In the listing below, find the line with "une chambre avec" and the line with "Philippines Souvenir Tie-dyed", then return them and every line between them exactly, minus the pictures.
********
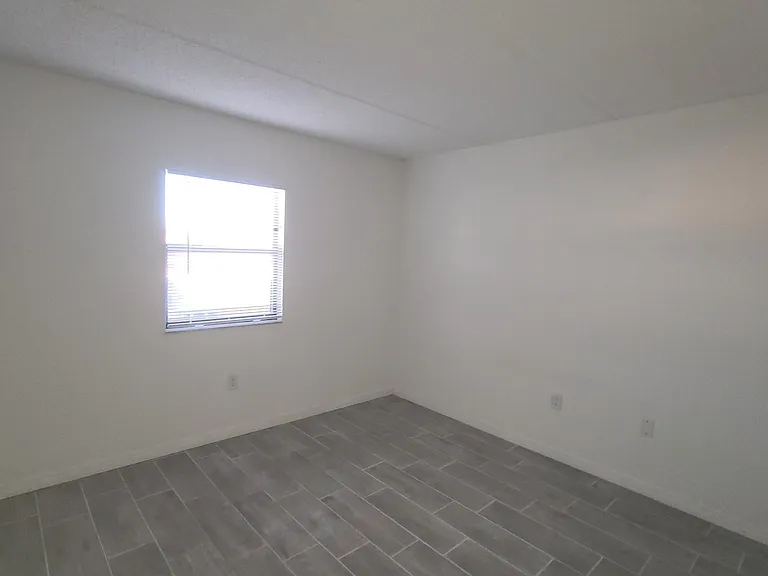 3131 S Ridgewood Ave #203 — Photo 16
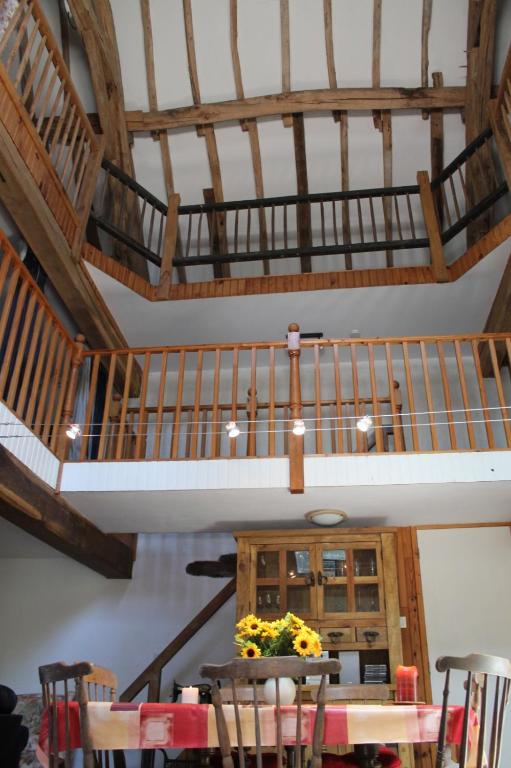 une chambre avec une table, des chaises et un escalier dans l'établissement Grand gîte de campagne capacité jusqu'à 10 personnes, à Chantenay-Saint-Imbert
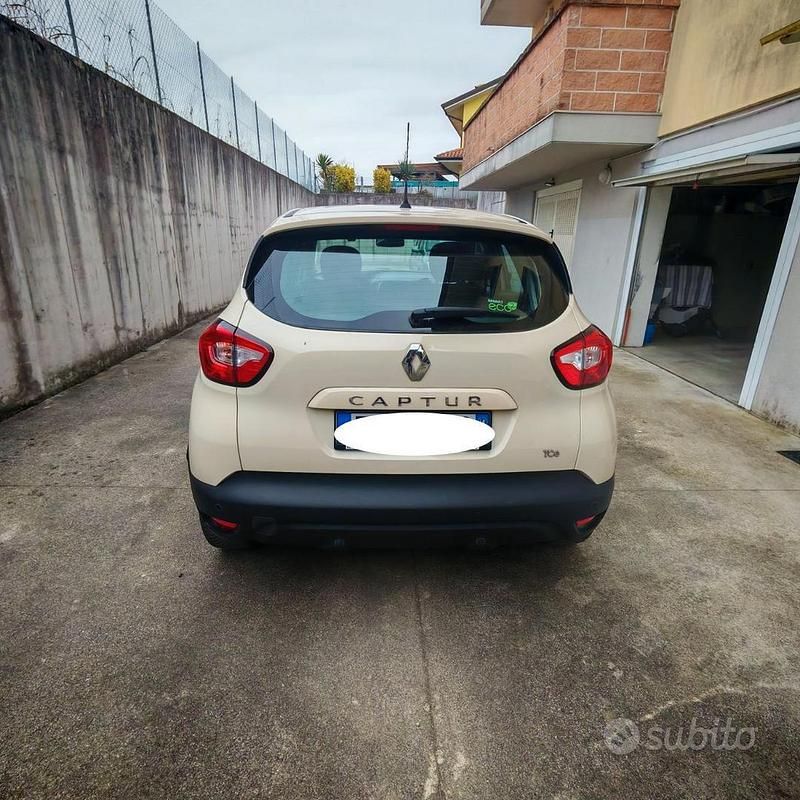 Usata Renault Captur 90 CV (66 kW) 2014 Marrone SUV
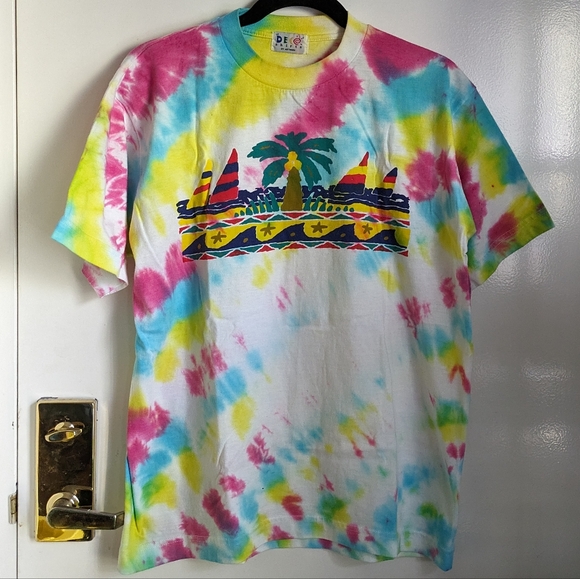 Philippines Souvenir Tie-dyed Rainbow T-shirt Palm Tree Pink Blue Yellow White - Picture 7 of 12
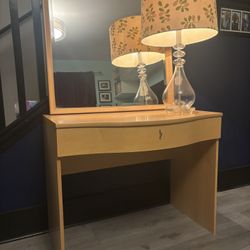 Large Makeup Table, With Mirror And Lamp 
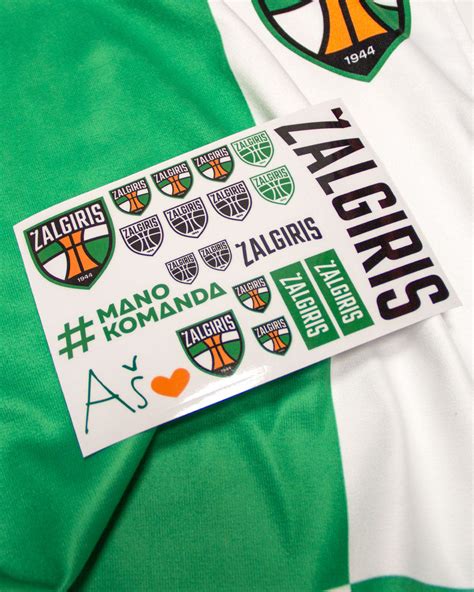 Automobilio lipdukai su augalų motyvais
********
| Exercise response |
 une chambre avec une table, des chaises et un escalier dans l'établissement Grand gîte de campagne capacité jusqu'à 10 personnes, à Chantenay-Saint-Imbert
 Usata Renault Captur 90 CV (66 kW) 2014 Marrone SUV
 Philippines Souvenir Tie-dyed Rainbow T-shirt Palm Tree Pink Blue Yellow White - Picture 7 of 12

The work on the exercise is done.